MANUEL DA COSTA PINTO
COLUNISTA DA FOLHA

São poucos os escritores que escrevem indistintamente prosa e poesia. Quando acontece, geralmente um gênero obscurece o outro. É fácil detectar isso nos clássicos: o Machado de Assis poeta é lido à sombra do Machado de Assis romancista; um livro como "Magma", que reúne poemas de Guimarães Rosa, não passa de curiosidade bibliográfica perto de "Sagarana" ou "Grande Sertão: Veredas".
Poetas como Ferreira Gullar e Paulo Leminski produziram prosa de alta qualidade ("Cidades Inventadas" e "Catatau", respectivamente), mas são escassos os exemplos de escritores em que ficção e lírica estão em pé de igualdade (casos de Mário e Oswald de Andrade).
Quando falamos de novos escritores, é ainda mais difícil saber qual gênero vai predominar, pois há uma espécie de contaminação recíproca. Por isso um livro como "As Mãos", de Manoel Ricardo de Lima, pode ser lido tanto como exercício ficcional de um poeta que já havia publicado um excelente livro de versos ("Embrulho"), quanto como narrativa em que a linguagem se torna ela mesma personagem, resultando em um longo poema em prosa.
Existe um enredo em "As Mãos": há um narrador que, ao longo de cinco capítulos, se enclausura em seu apartamento ("vivo um confinamento de tempo, tudo é dentro de casa") e sofre por causa da separação de uma mulher a que se refere como "Ela". Mas a matéria-prima do livro é um movimento de escrita no qual a realidade (acessível ao olhar que o narrador lança pela janela) não importa; e no qual aquilo que importa (a mulher perdida) é inacessível, tornou-se irreal.
Por isso a descrição desse confinamento vai sendo, por sua vez, insularizada em frases elípticas, como se a consciência do narrador flutuasse entre lapsos de tempo e fantasmas de objetos, fazendo com que o mundo empírico adquira uma presença abstrata. A rua, por exemplo, se transforma na expressão "Lá fora" e passa a ser uma espécie de entidade que assombra o narrador:
"Desta mesa só consigo ver os homens, lá, pela vidraça, Lá fora, como uma farsa, provável, famintos, miseráveis desta condição. (...) Apenas daqui, pela janela que fica frente à mesa onde apóio os braços e escrevo, aqueles homens lá, inventados pela insipidez do que nos seres humanos é podridão ordem desvio dobra funil desmesura. O que nos é real, talvez seja, ao menos, uma ilusão de fato.

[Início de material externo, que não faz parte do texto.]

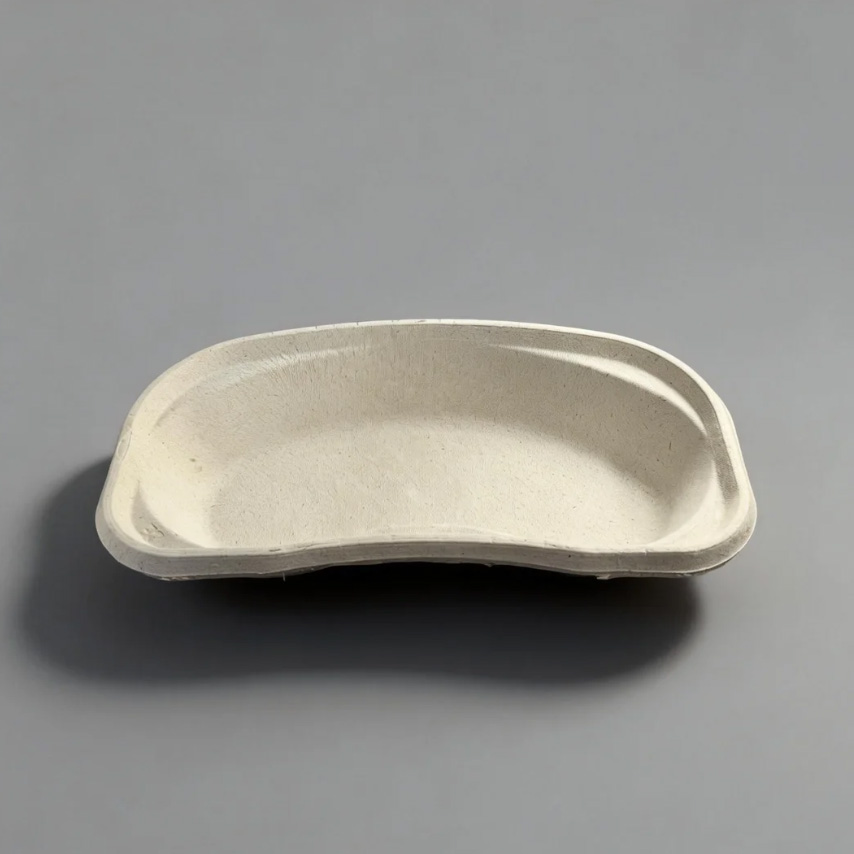 Biodegradable Eco-Friendly Kidney-Shaped Medical Pulp Tray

E tenho me revirado em busca das últimas moradas que tenho dEla".
No início do livro, o narrador literalmente fala com as paredes: "As paredes explicam que o tempo, passagem, esgotamento, cansaço, se faz nas variantes desorganizadas de meu estado". Ao final, porém, seu "dizer seco" se esgarça num acúmulo de lembranças (cenas, gestos, impressões, coisas, sons, frases) cuja sintaxe espasmódica transforma as palavras em notas musicais, em lampejos de um monólogo.
Em "As Mãos", portanto, não há exatamente uma indefinição entre prosa e poesia, mas uma passagem da prosa para a poesia. A separação amorosa produz o divórcio com o real -e a descrição desse real vai progressivamente deixando de ter uma dicotomia entre narrador e evento narrado (típica de gêneros como a épica e o romance) até suprimir a distância que há entre o poeta-narrador e o mundo, que passa a coincidir com a linguagem que o descreve (uma característica da lírica).
E essa coincidência é tão absoluta que atinge a própria divisão interna da novela. Pois, se o texto retoma em vários momentos uma frase que o narrador ouvira da mulher ("Perto não se fica a quem não se conhece as mãos"), os capítulos também são dispostos como dedos da mão: às seções iniciais ("Um", "Dois", "Três", "Quatro"), segue-se um curto epílogo intitulado novamente "Um", como se fora o polegar cerrando o punho, encapsulando uma narrativa que culmina na conclusão de que "Lá fora, custa-me dizer, não existe mais".
Uma conclusão que pode ser interpretada como solipsismo. Mas que também mostra como, nesse livro híbrido, Manoel Ricardo de Lima tenta unir prosa e poesia numa revanche contra a realidade.


As Mãos   
Autor: Manoel Ricardo de Lima
Editora: 7 Letras
Quanto: R$ 14 (52 págs.)



Texto Anterior: Mônica Bergamo
Próximo Texto: Livro/lançamento - Literatura: Bernardo Carvalho desmitifica a Mongólia
Índice

UOL
Copyright Empresa Folha da Manhã S/A. Todos os direitos reservados. É proibida a reprodução do conteúdo desta página em qualquer meio de comunicação, eletrônico ou impresso, sem autorização escrita da Folhapress.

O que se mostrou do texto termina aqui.